Arguably that's better than mem corruption.

It looks like 5.1.0 is less than a year old, so older versions are
presumably still in wide use.

We could potentially workaround it by making
new_allocator::allocate(0) call ::operator new(1) when
__cpp_sized_deallocation is defined, and deallocate(p, 0) call
::operator delete(p, 1). Obviously I'd prefer not to do that,
because
the default operator new already has an equivalent check, and only
programs linking to jemalloc require the workaround.

Right the jemalloc fix was released May 2018.
It would be great to avoid the extra workarounds.
Given this would be released about a year after the jemalloc fix was
released,
and that this would only manifest upon program rebuild,
I would be inclined to not add any workarounds.
For reference tcmalloc and glibc malloc were seen to work fine with
this.

Actually the jemalloc issue will only be fixed with the release of 5.2
(a few weeks away).
I've updated the commit message in the attached accordingly.

Hmm, I'm a bit nervous about making a change that will cause crashes
unless using an unreleased version (I know it will be released by the
time GCC 9.1 is released, but some people might upgrade GCC without
upgrading jemalloc).
Yes it's not ideal. It does make it a lot less risky that one has to
rebuild programs to get the new functionality, so existing programs
will be unaffected. Also -fsized-deallocation is only enabled by
default on gcc with -std >= c++14.

The default is -std=gnu++14 so it's enabled unless you explicitly
choose an older dialect or add -fno-sized-deallocation.
Good point :)

On the other hand, zero sized allocations should be rare in practice.
Yes they were rare in testing here

So programs _rebuilt_ against the following would need to update
to jemalloc 5.2:

 zero sized allocs, jemalloc<5.2, c++>=14, GCC>=9.1

Hopefully that's a small enough set.

Which versions of jemalloc replace operator delete(void*, size_t) ?

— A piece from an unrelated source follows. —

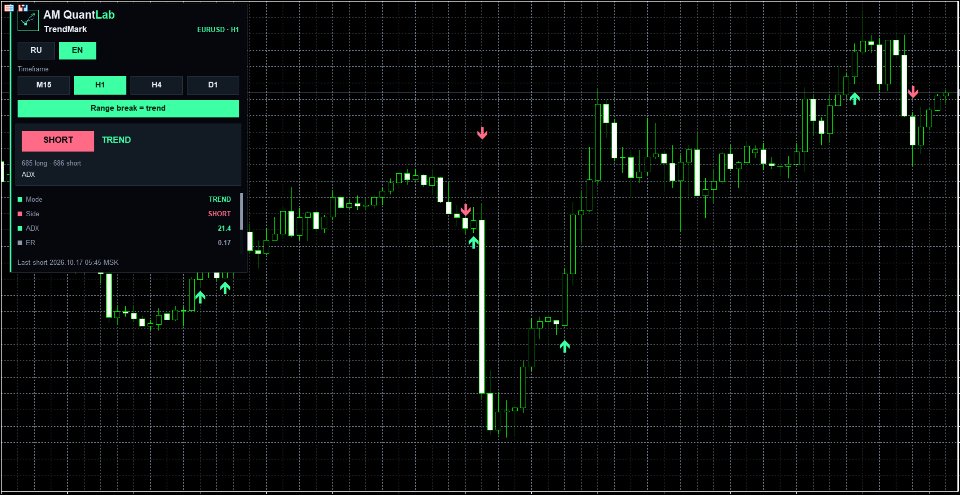 Screenshot #1 TrendMarkAm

Was that something new in 5.0 or did older versions already provide a
replacement for the sized operator delete?

If it was introduced in 5.0 then there won't be a problem for 3.x and
4.x because they'll use the default definition from libstdc++ which
just calls ::operator delete(p).
Again very good point. The replacements were only added in 5.0:
https://github.com/jemalloc/jemalloc/commit/2319152d

OK, that makes me feel better about it. It's presumably much easier to
upgrade to 5.2 from 5.0 or 5.1 than it would be from 4.x.

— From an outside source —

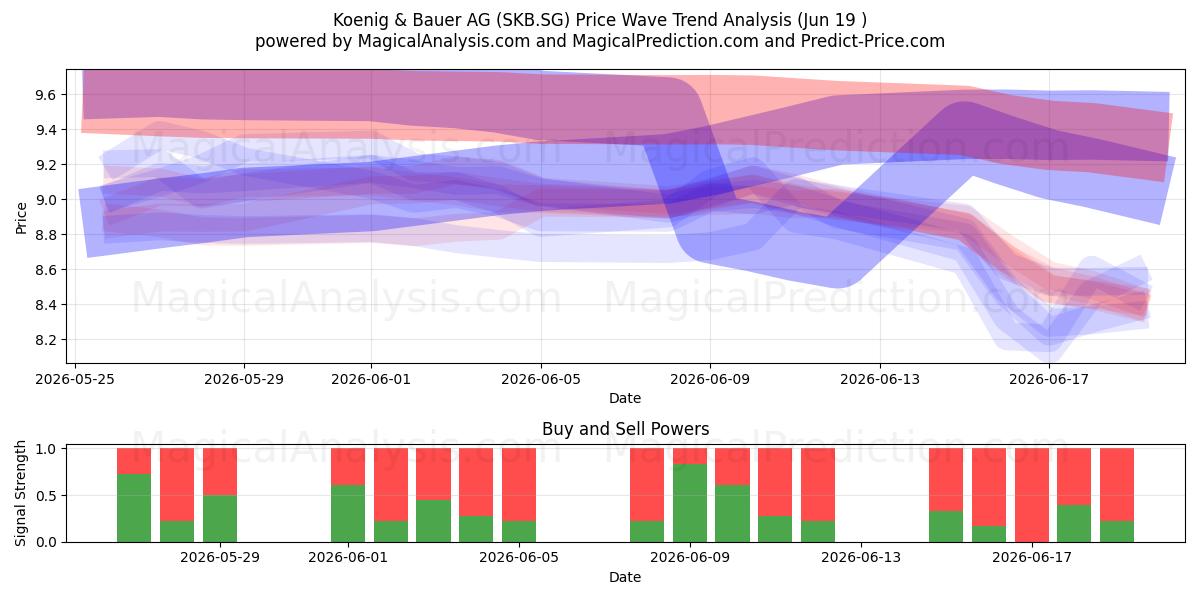  Koenig & Bauer AG (SKB.SG) Support and Resistance area (18 Jun)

How complicated is the fix to prevent the crashes? Would it be
feasible for distros to backport that fix? I see that RHEL8 has
jemalloc 5.0.1 for example, but if the fix could be backported to that
release then it's less of a problem.
The patch set is simple enough:
https://github.com/jemalloc/jemalloc/pull/1341/commits

Thanks. That does seem reasonable for distros and other packagers to
backport, if they want to support 5.0 or 5.1 for their users.

I'm leaning towards accepting the patch for gcc-9 (and if not, we
should do it early in the gcc-10 cycle).